I picked up 2 lbs of Santiam hops from a startup brewery here in Chicago. I want to play around with them a bit. I want to start with a simple lawnmower beer and then maybe make a session or kolsch next. Here is my simple pale ale or lawnmower beer recipe.

Fermentables
6 lb LME - Briess Pulsen Light

Steeping Grains
Amount Fermentable °L
.05 lb American - Caramel / Crystal 10L

Hops:
Amount Variety Type AA time ibu
1 oz Santiam Pellet 6.5Boil 60 min 22.64
1 oz Santiam Pellet 6.5 Boil 20 min 13.71
2 oz Santiam Pellet 6.5 Boil 5 min 8.2

Yeast
dry yeast Safale us-05

I am planning on only putting half the extract in before hops and then putting second in at around 10-15 minutes left in boil to help with keeping color light.

Any input or suggestions are welcome, thanks.
 
I have made about 6 kits and want to expand on my brewing with out going all grain. I usually work 50-60 hours a week so extract saves me time on brew day.

I picked up 2 lbs of Santiam hops from a startup brewery here in Chicago. I want to play around with them a bit. I want to start with a simple lawnmower beer and then maybe make a session or kolsch next. Here is my simple pale ale or lawnmower beer recipe.

Fermentables
6 lb LME - Briess Pulsen Light

Steeping Grains
Amount Fermentable °L
.05 lb American - Caramel / Crystal 10L

Hops:
Amount Variety Type AA time ibu
1 oz Santiam Pellet 6.5Boil 60 min 22.64
1 oz Santiam Pellet 6.5 Boil 20 min 13.71
1 oz Santiam Pellet 6.5 Boil 5 min 4.51

Yeast
dry yeast Safale us-05

I am planning on only putting half the extract in before hops and then putting second in at around 10-15 minutes left in boil to help with keeping color light.

Any input or suggestions are welcome, thanks.

You only think that extract saves you time on brew day because nobody has taught you different. I'll brew an all grain in the same time as you do an extract with steeping grains. The key is to eliminate the time consuming parts and streamline the rest. Mashing for an hour, sparging for another 10 after doing a 10 minute mashout and waiting for it all to drain takes time.

I've learned to do BIAB and mill my own grains. My mash takes 30 minutes or less because I don't have to wait for the grain particles to wet through like in a conventional tun. Sparging is done while the first runnings is heating up so there is no extra time there. Squeeze out all the wort in the bag of grains and my efficiency tends to be 85% or better. I usually have my mash done in the time people normally steep the grains. From that point on everything is the same except that I have the full volume for the boil so chilling may take a little longer.
 
Looks good to me. Let us know how it turns out. I'm not familiar with the hops you're using.

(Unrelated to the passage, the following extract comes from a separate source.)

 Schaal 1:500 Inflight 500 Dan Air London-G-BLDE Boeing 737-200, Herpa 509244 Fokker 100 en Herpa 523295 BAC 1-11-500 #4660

Sent from my Z796C using Home Brew mobile app
 
You only think that extract saves you time on brew day because nobody has taught you different. I'll brew an all grain in the same time as you do an extract with steeping grains. The key is to eliminate the time consuming parts and streamline the rest. Mashing for an hour, sparging for another 10 after doing a 10 minute mashout and waiting for it all to drain takes time....

I am an extract brewer for the time savings as well. This ^^^ is interesting.

OP:: It sounds like you're gonna brew what you're looking for with that recipe.
 
You must be doing .5 lbs of C10, and not actually .05 lbs like it says, right? I say brew it up!
 
It looks likes fine beer. Have fun brewing it!

There really is no reason to put any extract in early for this beer. You don't need it to aid in hop utilization, nor for melanoidin formation from boiling it. You can just dump it all in at the end.
 
You must be doing .5 lbs of C10, and not actually .05 lbs like it says, right? I say brew it up!

Yes on the .5lbs. Darn typo.

As for extract at the end, I do a full boil in my 8 gallon pot. When is it important to put extract in before hops? What makes the deciding factor?
 
If you are doing a full volume boil, you can add it all at the beginning if you want. The reason for splitting extract additions is to mimic boil gravity for full volume boils, which helps prevent the extract from darkening and also helps with hop utilization in partial boils.
 
If you are doing a full volume boil, you can add it all at the beginning if you want. The reason for splitting extract additions is to mimic boil gravity for full volume boils, which helps prevent the extract from darkening and also helps with hop utilization in partial boils.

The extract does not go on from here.